EXERCISE MATERIAL:
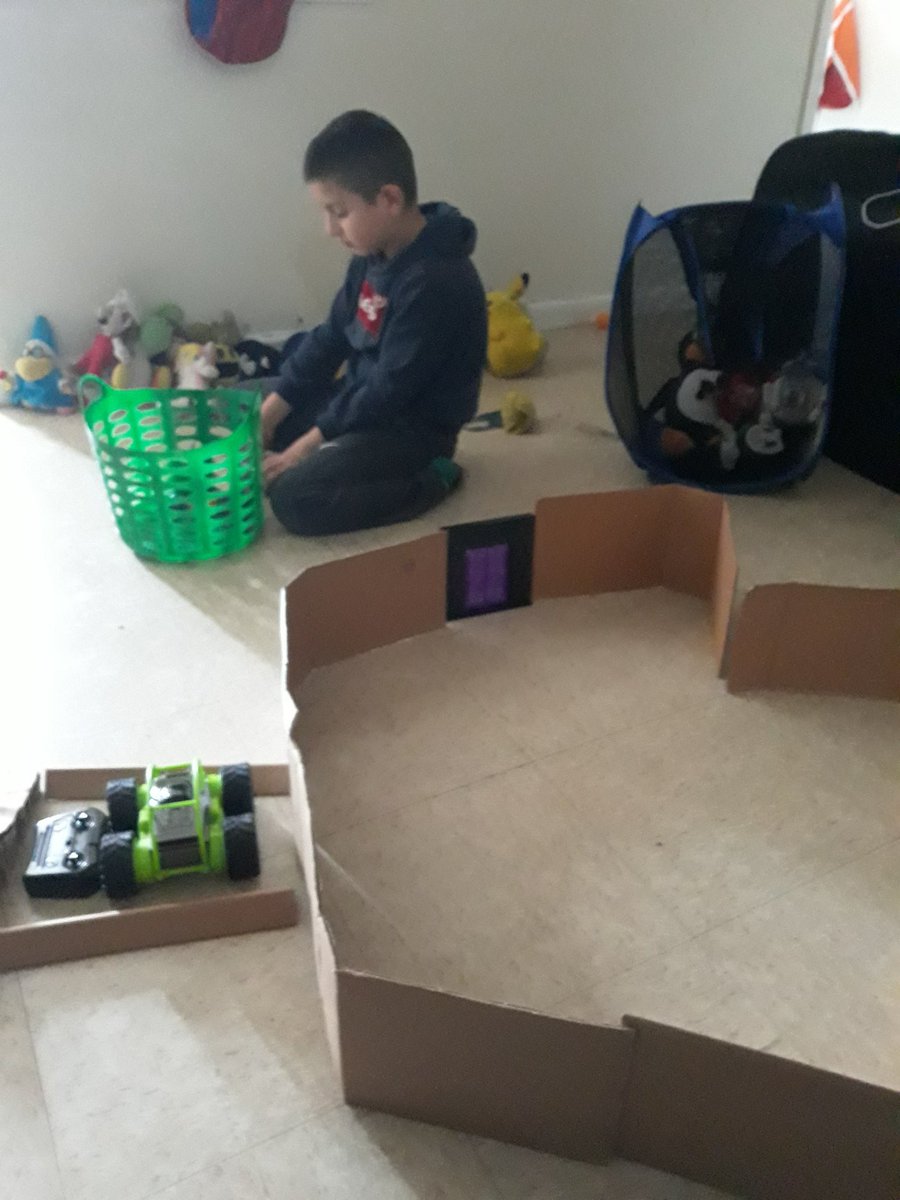 Oley28123's tweet photo. No WiFi 😱!!! NO PROBLEMA ....
Imagination never go off..😎😎
#imagination #NoWiFi #outofpower #brainpower
#Crazyweather #Texas
#SanAntonio #noelectricity #STEM #STEMTime #fun 
@KSATKids
@NISDMeadowVill @T_MaddoxPisano @CheriLaBelle11 @BillTaylorKENS5
@Justin_Horne @KENS5 https://t.co/VkcUqJK95N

AIM OF THE EXERCISE: Omit the pictures and output all of the other material exactly.

TASK OUTPUT:
 Oley28123's tweet photo. No WiFi 😱!!! NO PROBLEMA ....
Imagination never go off..😎😎
#imagination #NoWiFi #outofpower #brainpower
#Crazyweather #Texas
#SanAntonio #noelectricity #STEM #STEMTime #fun 
@KSATKids
@NISDMeadowVill @T_MaddoxPisano @CheriLaBelle11 @BillTaylorKENS5
@Justin_Horne @KENS5 https://t.co/VkcUqJK95N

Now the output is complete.